Now, I am all for multi-tasking: I can sleep and dream at the same time.  But that is about the limit.   In case you didn’t know, George Bush – that guy with the IQ of a desiccated coconut – could either chew gum or think and when he tried to do both, there was a chemical reaction and potassium permanganate fumes surrounded him (from the usual look on his mug, you could reliably conclude that other fumes surrounded him too, but Facebook is watching, so I will curb the urge).  And he ran the US for many years, which only proves that you don’t need to multi-task (no, no, he didn’t run the US, as in Usain Bolt, he ran the US as in doing things to screw up the economy and inventing weapons of mass destruction (ie, himself).  There’s a subtle difference.).  Look, even Quick Gun Murugan only shoots when eating paan and coming across a newly painted wall.  

But cab drivers don’t learn from these noble people (Bush, Quick Gun and me, that is).  Two days ago, a cab driver did the following at a traffic light, all at the same time: speak on the phone which was pressed to his ear with his right hand, eat something that had once been a paratha with his left, do a U-turn on the busiest road on the planet at 11 am and stare like a cross-eyed scowling owl at a guy on a bike.  This bike guy looked livid and  seemed to want to strike up a vibrant conversation, beginning with the profound familial Kannada term, Magane, which, when strictly translated means Son and when loosely translated does not mean I Love You, My Son. 
Now, here’s the crux: the biker was also multi-tasking; he had a parallel conversation going - on a phone hidden under his helmet - which is now a certified internationally-accepted, peer-reviewed, accredited behaviour of an imbecile crossed with a toothbrush (and there’s a new danger-keep-away logo being created for it).  But, of course, this was not enough multi-tasking for him – he kept adjusting a large bag on the petrol tank, had carefully chosen words for the cabbie, some of which reflected on his, the cabbie’s, ancestry, and returned hostile glances that were javelined at him by the rest of humanity who were waiting to cross.  
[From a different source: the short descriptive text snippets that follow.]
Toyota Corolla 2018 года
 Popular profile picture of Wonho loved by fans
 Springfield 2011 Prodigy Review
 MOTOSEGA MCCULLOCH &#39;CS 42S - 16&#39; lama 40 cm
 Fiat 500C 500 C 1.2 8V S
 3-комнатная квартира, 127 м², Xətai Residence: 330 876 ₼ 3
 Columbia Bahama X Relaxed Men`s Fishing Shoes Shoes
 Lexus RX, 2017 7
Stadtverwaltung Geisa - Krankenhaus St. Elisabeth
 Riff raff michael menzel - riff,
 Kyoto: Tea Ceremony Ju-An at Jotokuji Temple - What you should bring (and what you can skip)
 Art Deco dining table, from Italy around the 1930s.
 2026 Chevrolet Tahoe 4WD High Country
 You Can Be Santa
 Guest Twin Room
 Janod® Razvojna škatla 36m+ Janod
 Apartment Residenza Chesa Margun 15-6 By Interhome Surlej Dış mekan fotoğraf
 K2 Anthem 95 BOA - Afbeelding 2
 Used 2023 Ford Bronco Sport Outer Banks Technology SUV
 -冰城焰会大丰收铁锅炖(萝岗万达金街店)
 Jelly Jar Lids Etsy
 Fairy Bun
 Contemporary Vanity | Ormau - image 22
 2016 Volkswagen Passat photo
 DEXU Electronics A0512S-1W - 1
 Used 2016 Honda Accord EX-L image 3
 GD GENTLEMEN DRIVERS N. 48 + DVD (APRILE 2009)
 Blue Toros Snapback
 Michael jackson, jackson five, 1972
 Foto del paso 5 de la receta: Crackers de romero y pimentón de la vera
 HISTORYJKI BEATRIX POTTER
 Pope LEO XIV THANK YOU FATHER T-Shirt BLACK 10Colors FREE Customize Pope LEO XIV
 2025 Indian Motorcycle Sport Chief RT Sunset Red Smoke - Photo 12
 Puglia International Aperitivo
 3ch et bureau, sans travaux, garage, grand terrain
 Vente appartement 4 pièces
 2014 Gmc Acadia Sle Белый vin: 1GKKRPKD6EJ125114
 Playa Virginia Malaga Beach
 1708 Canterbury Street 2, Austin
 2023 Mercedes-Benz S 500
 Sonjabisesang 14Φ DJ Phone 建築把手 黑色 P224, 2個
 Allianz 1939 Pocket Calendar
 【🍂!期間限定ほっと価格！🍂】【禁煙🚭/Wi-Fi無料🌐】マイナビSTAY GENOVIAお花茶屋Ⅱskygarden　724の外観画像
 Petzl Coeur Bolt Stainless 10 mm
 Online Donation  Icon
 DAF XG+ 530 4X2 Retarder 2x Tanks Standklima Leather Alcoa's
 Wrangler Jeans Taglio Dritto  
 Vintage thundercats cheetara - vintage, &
So, all in all, good clean fun and I am now of the revised view that, if people did not multi-task, if they did just one thing at a time (like the Germans), the world would be a decidedly dismal place (no, I did not say Germany) and, because there would be no re-work and repair and recrimination and recourse and reversal and returns, our GDP – which is nearly five trillion minus some change when fake news last came in - would suck (no, I really did not say Germany).